▶ Problem requirements: The lines below, from the one containing "Apartamentos, Venta, Multicentro" through the one containing "Удаление запахов в Иркутске", should be set down exactly, with no pictures and nothing else.

▶ Data extracts:
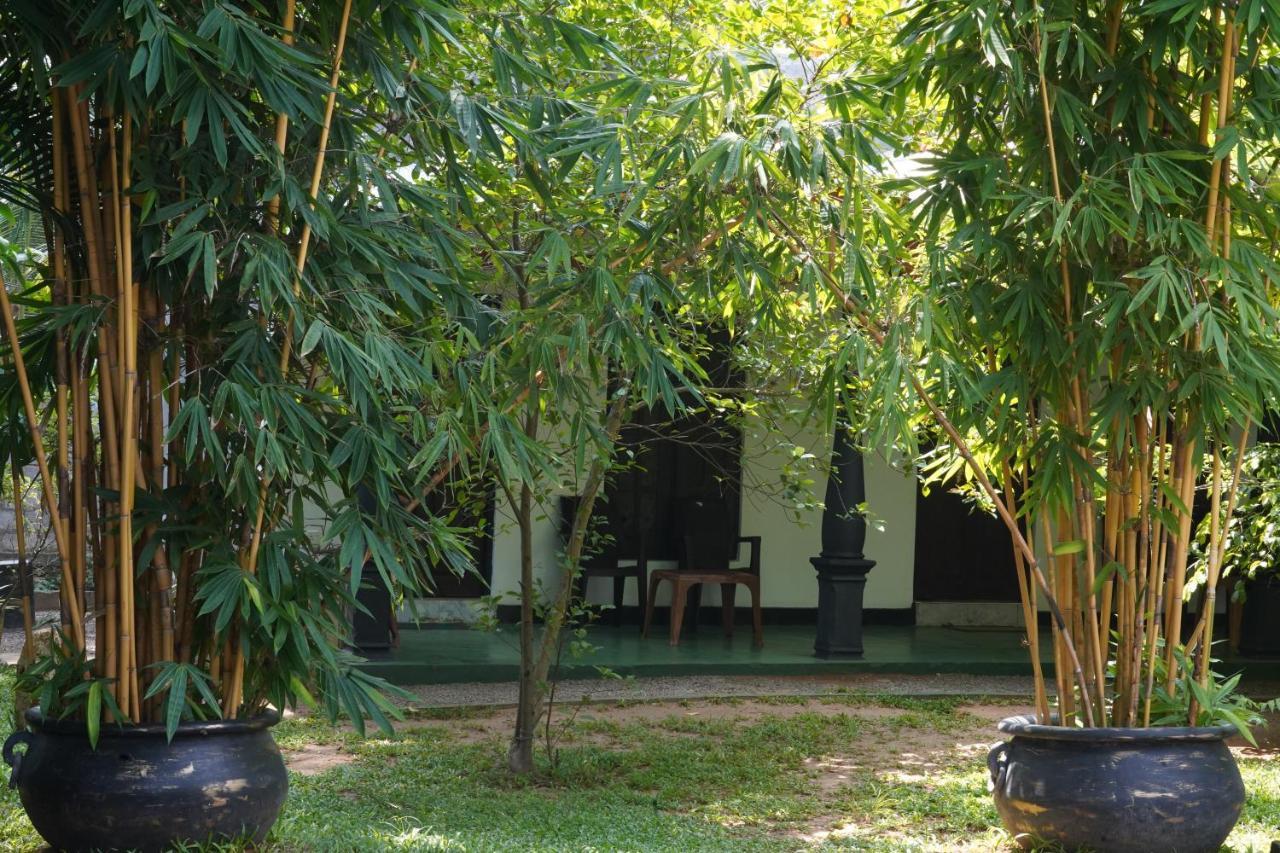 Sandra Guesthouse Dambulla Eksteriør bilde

...

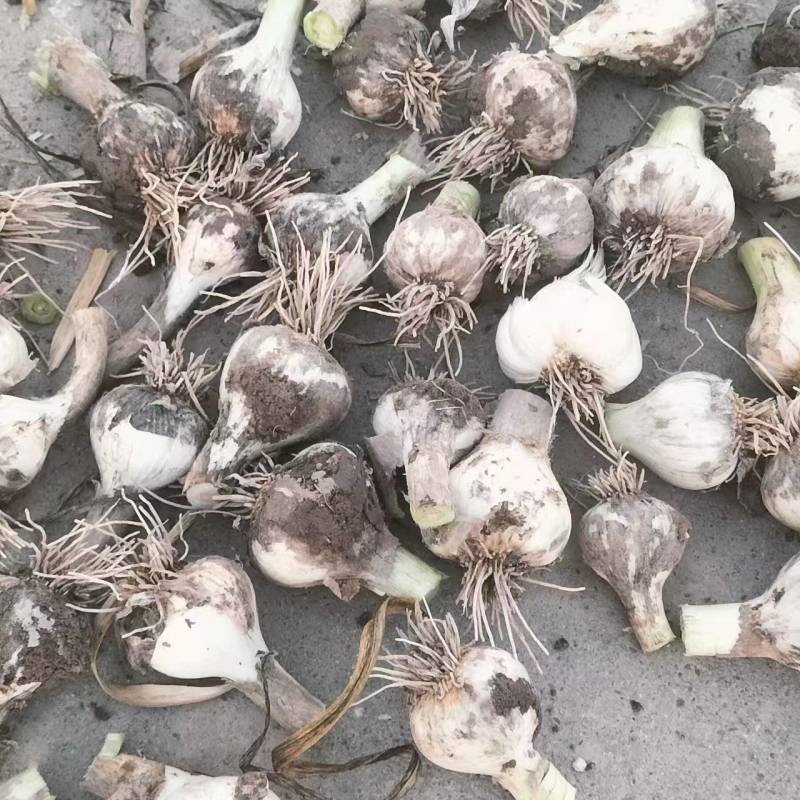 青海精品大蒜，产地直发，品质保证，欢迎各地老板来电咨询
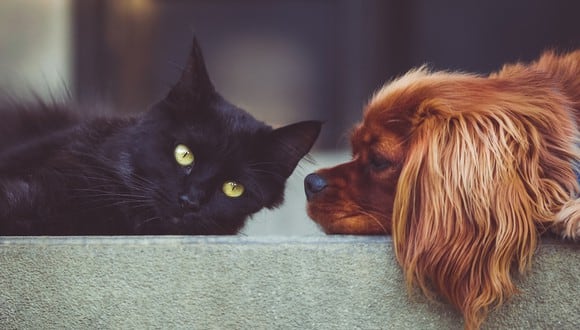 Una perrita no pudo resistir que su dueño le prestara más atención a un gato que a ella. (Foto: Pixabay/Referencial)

...

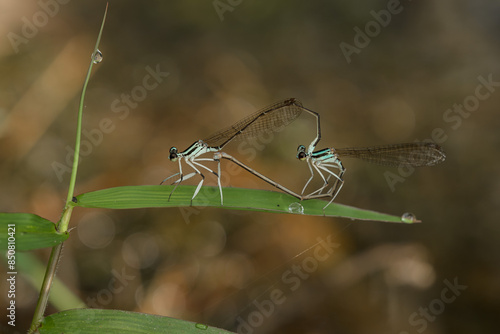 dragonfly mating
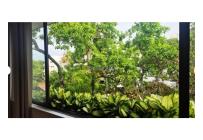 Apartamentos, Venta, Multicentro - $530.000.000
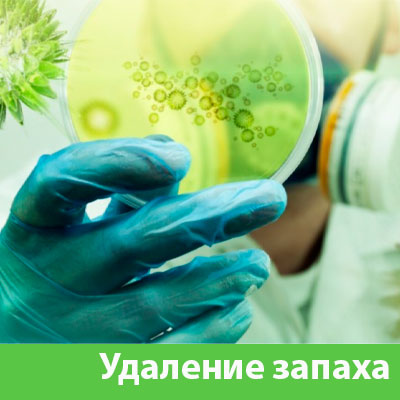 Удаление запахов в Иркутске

▶ Response for this exercise:
 Apartamentos, Venta, Multicentro - $530.000.000
 Удаление запахов в Иркутске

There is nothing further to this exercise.